‘CAUGHT IN A JAM’: Dinagyang signal block irks riders, residents

A spectator uses his smartphone to take photos of the Dagyang sa Barangay performance of the Dinagyang Festival on Jan 22, 2023 at the Freedom Grandstand. Jamming of mobile phone signal was supposed to be limited to performance areas in Iloilo City but it affected neighboring towns and even Guimaras province. (F.A. Angelo)

By Joseph B.A. Marzan and Sean Rafio

While signal jamming was not a new concept to the Dinagyang Festival, residents of Iloilo City and neighboring towns were dumbfounded and even angry due to its impact on their personal lives and businesses.

The signal jamming at the performance areas in City Proper district started around 6 a.m. on Saturday, Jan 21, 2023 and ended at almost 2:00 p.m. on the same day.

A prior announcement by local authorities stated that the signal jam was limited to the Freedom Grandstand, Plazoleta Gay, Delgado to Quezon Streets, University of Iloilo PHINMA, Plaza Libertad, the Iloilo Provincial Capitol, and the Iloilo Central Market.

A signal block was also implemented in Mandurriao district on Saturday from 5:40 p.m. to 10:30 p.m. for the ILOmination event.

The signal jam supposedly covered the areas of Seda Atria Hotel, Gaisano City Time Square, Festive Mall, Atria, Plazuela de Iloilo, SM City South Point, Iloilo Business Park, and Smallville Complex.

But Ilonggos as well as other domestic and foreign visitors found themselves in a jam despite being outside of the signal block areas.

Some social media users who used landline-based WiFi connections expressed their anger over the inconvenience.

“It should’ve been just [Iloilo City Proper] without signal. My business in Oton is still pending because there was no signal,” according to Oton town resident Gracia Estrella.

“When you wake up [usually], you would get hold of your phone. We thought it was only the city without a signal. The ending, even in Pavia there were no signals,” Ana Mae Azucena of Pavia said.

“[I thought] the Dinagyang performances and the rush of people were just until [SM City Iloilo], why is it that even for us in Pavia, there is no signal,” Jen Poral added.

Unlike previous iterations of the festival, this year was the first face-to-face Dinagyang since the COVID-19 pandemic, which forced the public to rely on digital and mobile technology for work and leisure.

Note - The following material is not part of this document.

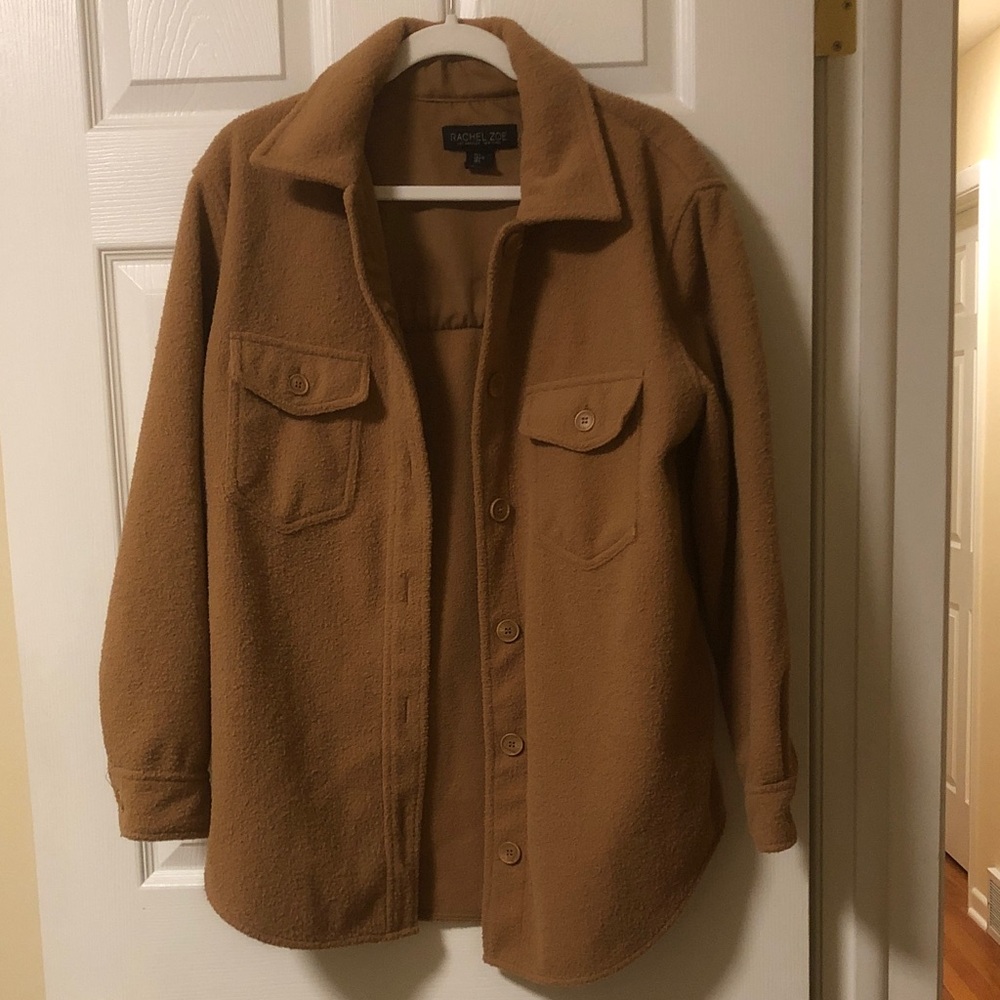 Womens Shacket Shirt Jacket by Rachel Zoe sz L camel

“I went to the hospital [on Saturday], and it took long for my [HMO or health maintenance organization] to get approved because [they] couldn’t easily contact the office. It was just luck that the call went through,” a Maj Escanlar said in a tweet.

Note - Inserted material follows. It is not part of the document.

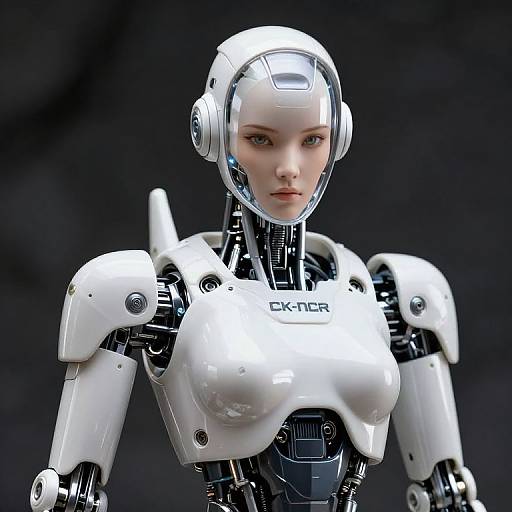 Photorealistic CGI of a female humanoid robot with white armor, blue eyes, and a sleek, futuristic design, labeled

Delivery riders were most affected by the signal jam, with many social media users saying that they could not place the order because riders cannot be reached or accept their orders.

“This is too much that even those who are just chilling along Mapa Street and just ordering food also lost signal,” said one Twitter user who asked to be anonymous.

Iloilo Grab Riders Union (IGRU) president Jenner Crasco called the signal jam a “hindrance to their livelihood”, noting that it affected their source of income despite initially being announced to be limited in scope.

“What hurts is that we were losing our income source in the midst of an expected surge of orders during the Dinagyang season. While everyone is enjoying, we’re having a hard time because of signal jamming,” Crasco said in a statement.

Signal jamming was requested by the Iloilo City Police Office’s (ICPO) Explosive Ordnances Division, citing continued threats to festivalgoers.

This request was approved by the Iloilo City Council on Jan 11 with a resolution addressed to the National Telecommunications Commission and the Philippine National Police for the said jamming to take effect on the festival dates in limited areas.